# 2001 Honda TRX90 Won't Start



## reacoomin (Dec 25, 2017)

It was running well one day, and then the next it just wouldn't start (It has been very cold while trying to start it). I checked spark, it was meh, so I replaced it. After that it got blue spark. Still won't start. Cleaned out the carb (It was quite bad), still wouldn't start. Bought a new carb, put it on, still won't start. Gas is getting to the carb and the plug is dry. It's got compression (Not measured, just put hand in front of exhaust), spark, and gas. It'll start for a second it I put gas in the plug hole, but then I'm back to a dry plug. Any ideas on why it won't start?


----------



## begreen (Dec 25, 2017)

If this is like some other Honda motors it might be swollen seals in the shut-off valve? I have this issue on my splitter if gas is left in it for an extended period of time. If left to sit it will eventually fill the fuel bowl, but the flow is not strong enough to run. Probably would not happen with ethanol free gas.


----------



## reacoomin (Dec 25, 2017)

begreen said:


> If this is like some other Honda motors it might be swollen seals in the shut-off valve? I have this issue on my splitter if gas is left in it for an extended period of time. If left to sit it will eventually fill the fuel bowl, but the flow is not strong enough to run. Probably would not happen with ethanol free gas.
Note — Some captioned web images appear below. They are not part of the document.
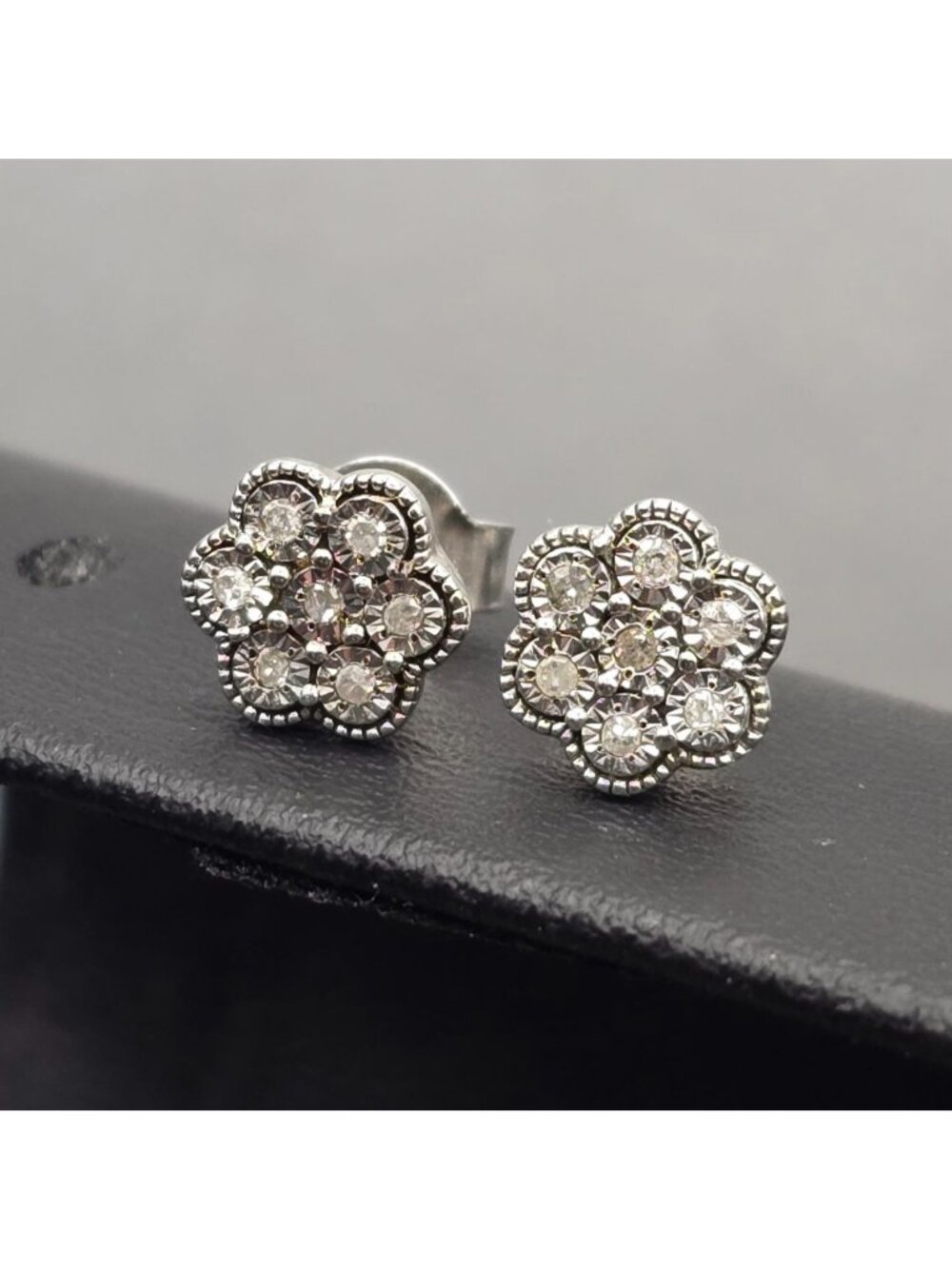 Effy Natural Diamond Flower Stud Earrings 925 Sterling Silver Clusters .25" - Picture 10 of 10
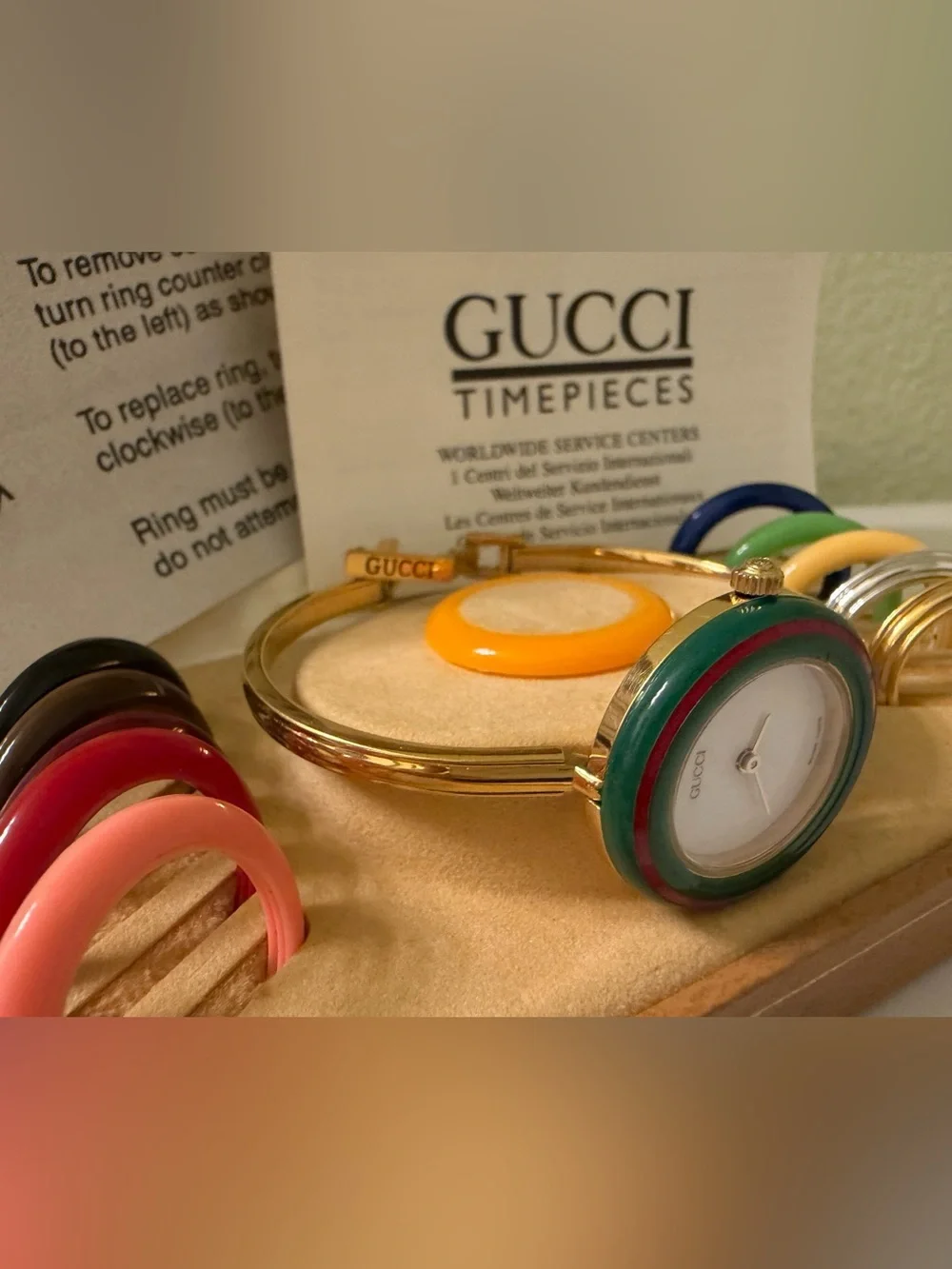 Near Mint~Gucci Interchangeable Bezel Bangle Bracelet Watch with Box/Paper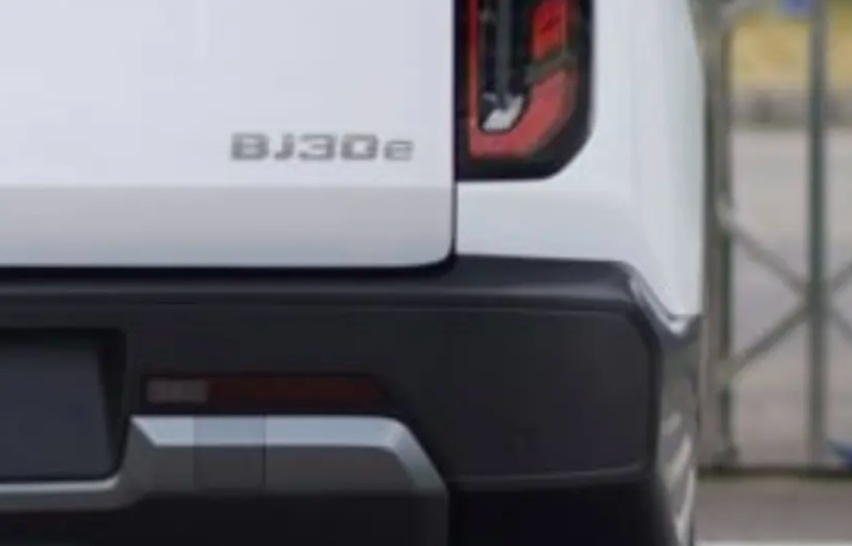 北汽新款混动轻越野车！BJ30e实车曝光，依旧缺乏插电式混动版本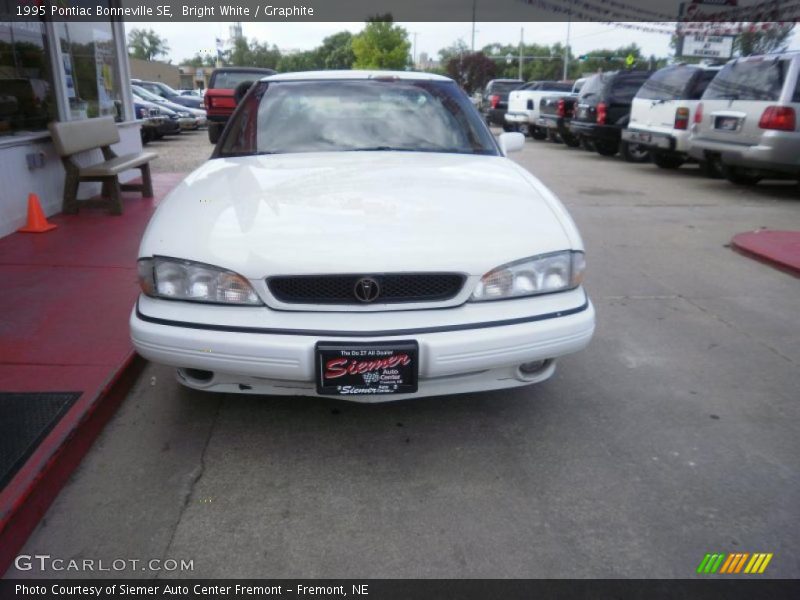 Bright White / Graphite 1995 Pontiac Bonneville SE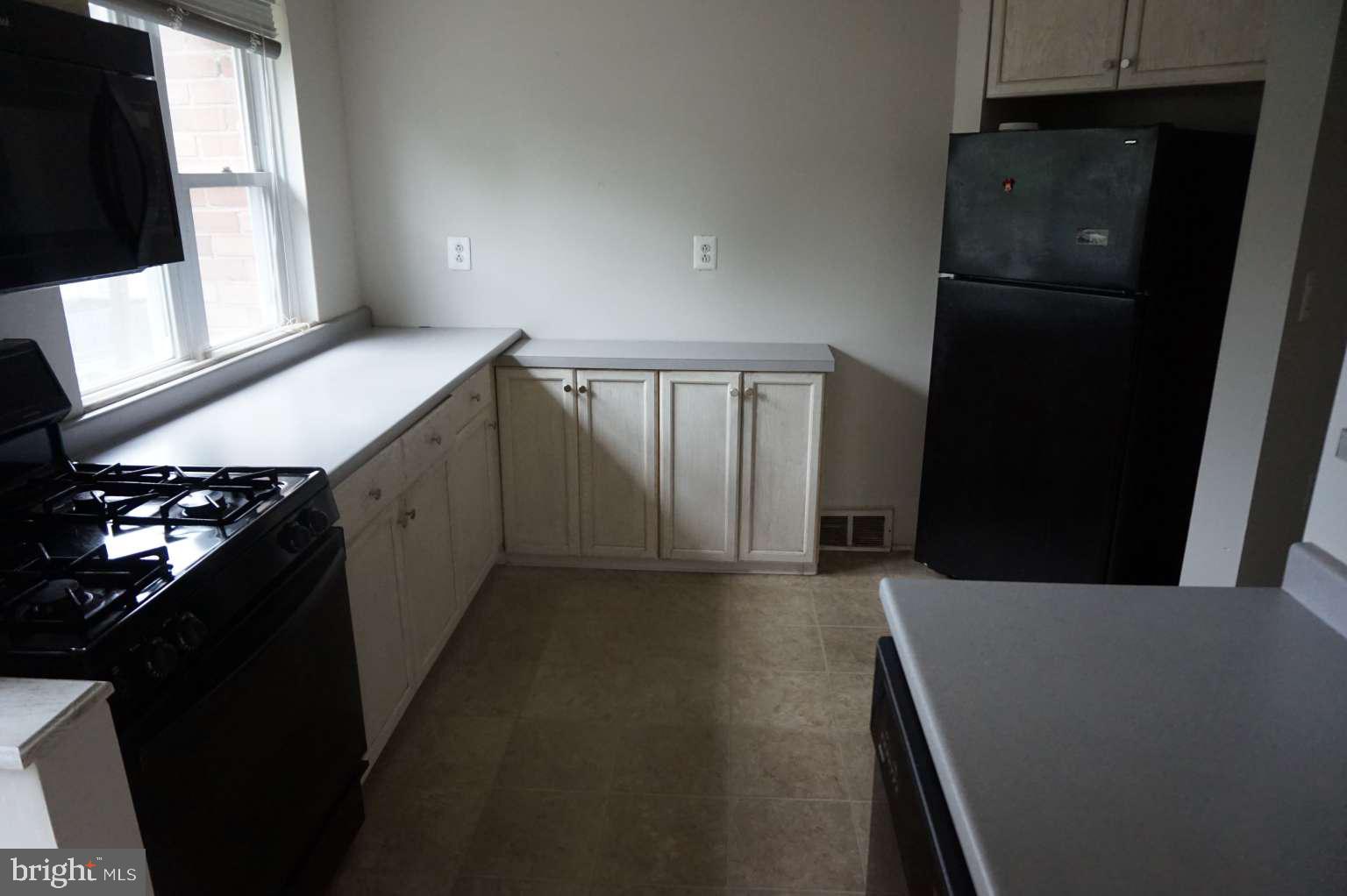 5499 Quentin Street Philadelphia, PA 19128 - Photo 17 of 25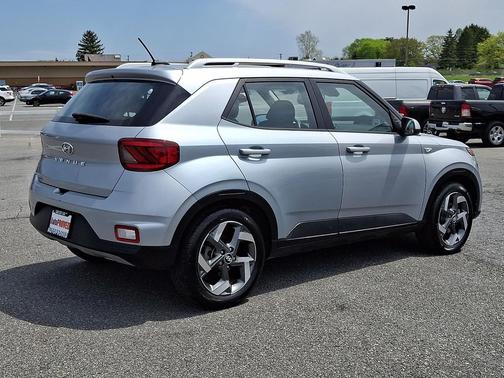 Stellar Silver 2023 Hyundai VENUE SEL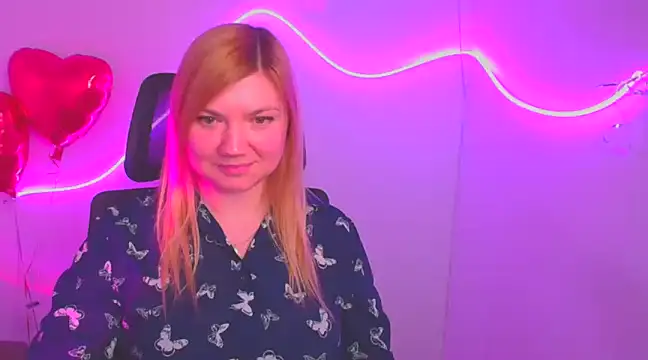 Snapshot of Lola_moree chatting on March 5, 3:40 pm Lola moree online show from March 5, 3:40 pm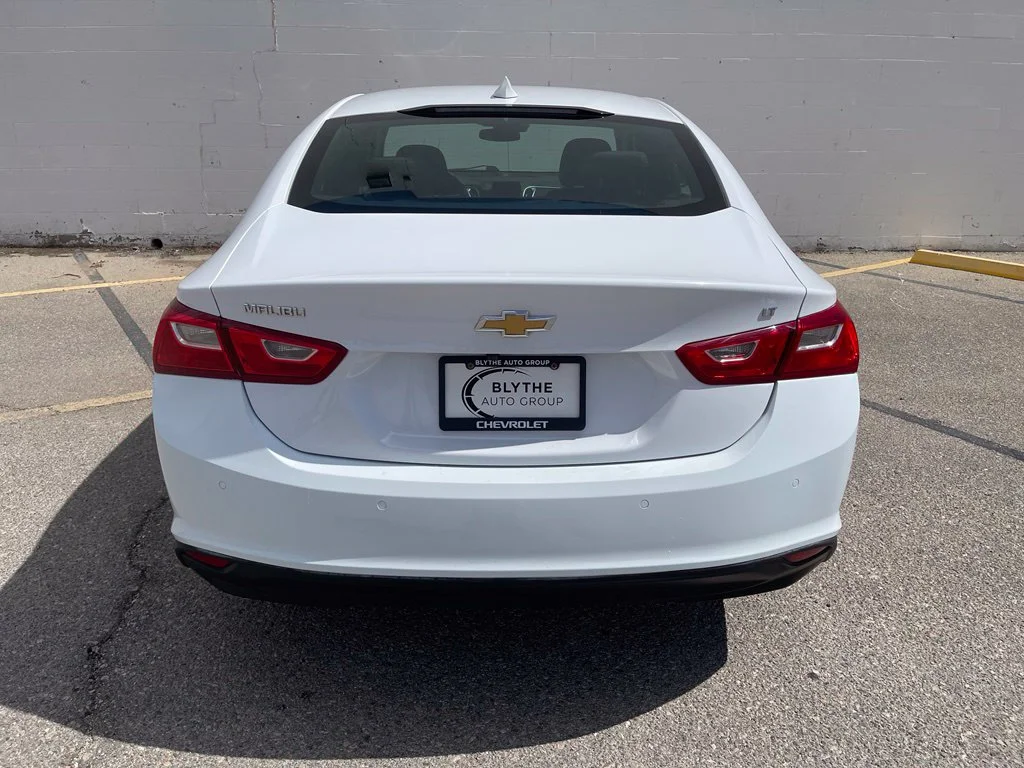 Used 2023 Summit White Chevrolet LT image 5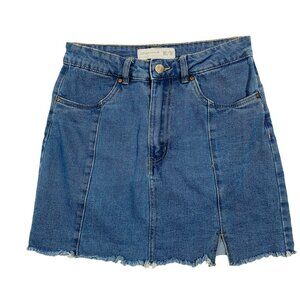 REFUGE DENIM  mini denim skirt light wash  size medium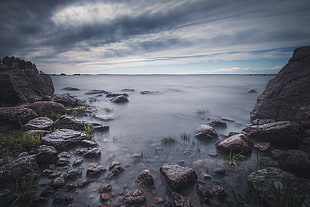 gray rock formation during daytime HD wallpaper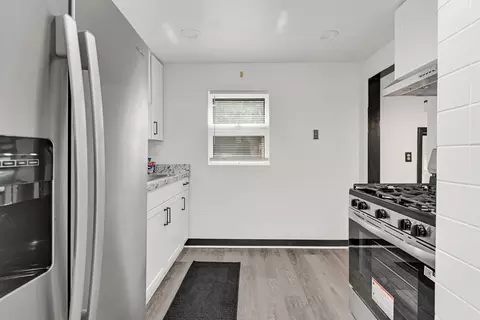 Kitchen - 256 E 140th Pl, Dolton, IL 60419 photo 1 of 2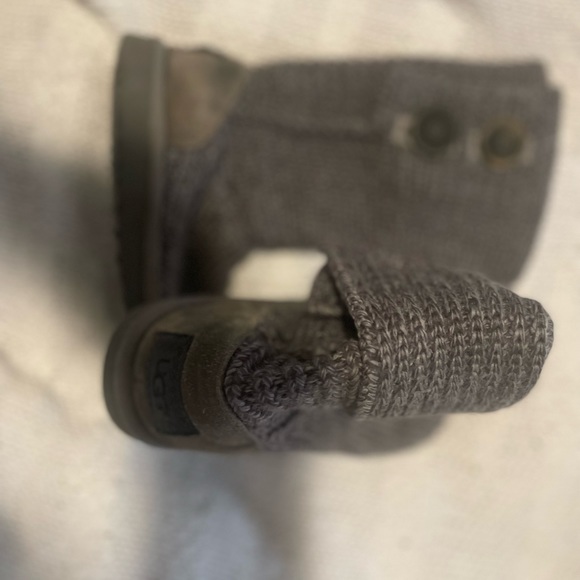 UGG - Picture 3 of 3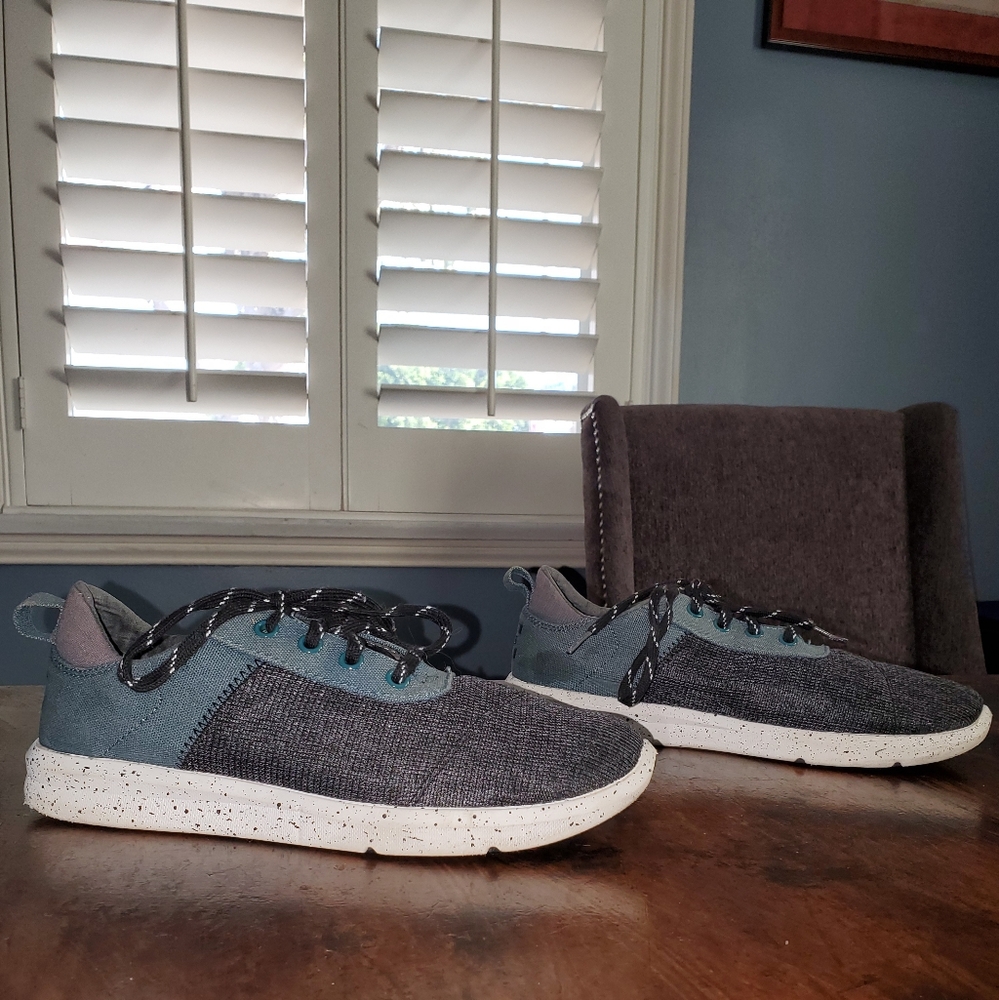 Toms Men's Big Boys shoes olive green 2 tone: 7.0…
Already have changed the valve, and there is gas in the carb.


----------



## SCOTT S. (Dec 25, 2017)

Did you check the air filter? I’ve had mice pack the filter box so full of nesting material on a buddy’s atv it wouldn’t start. Also stupid but did you check the kill switch?


----------



## reacoomin (Dec 25, 2017)

SCOTT S. said:


> Did you check the air filter? I’ve had mice pack the filter box so full of nesting material on a buddy’s atv it wouldn’t start. Also stupid but did you check the kill switch?


Already replaced air filter and checked the switches.


----------



## brenndatomu (Dec 25, 2017)

Well if you can put gas in the cylinder and make it run for a second, then it is not getting fuel...as evidenced by a dry plug also.
Pull the air filter off and spray some gas directly in the intake (spray bottle works) while cranking with the choke on...if it fires and runs while you pump fuel then there is something wrong with that new carb...I'd take it back...is it an OEM carb?
Make sure when you are doing this that you have a good fire extinguisher nearby...I've had backfires out the intake go badly! I like a Co2 extinguisher because of no clean up afterward...but a good ole ABC powder extinguisher will still save the day.
Just FYI, with backfires out the intake causing fires, the best thing you can do immediately is to keep cranking the engine...it will suck the fire in and no harm no foul, as long as no external gas soaked items have already been lit up that is.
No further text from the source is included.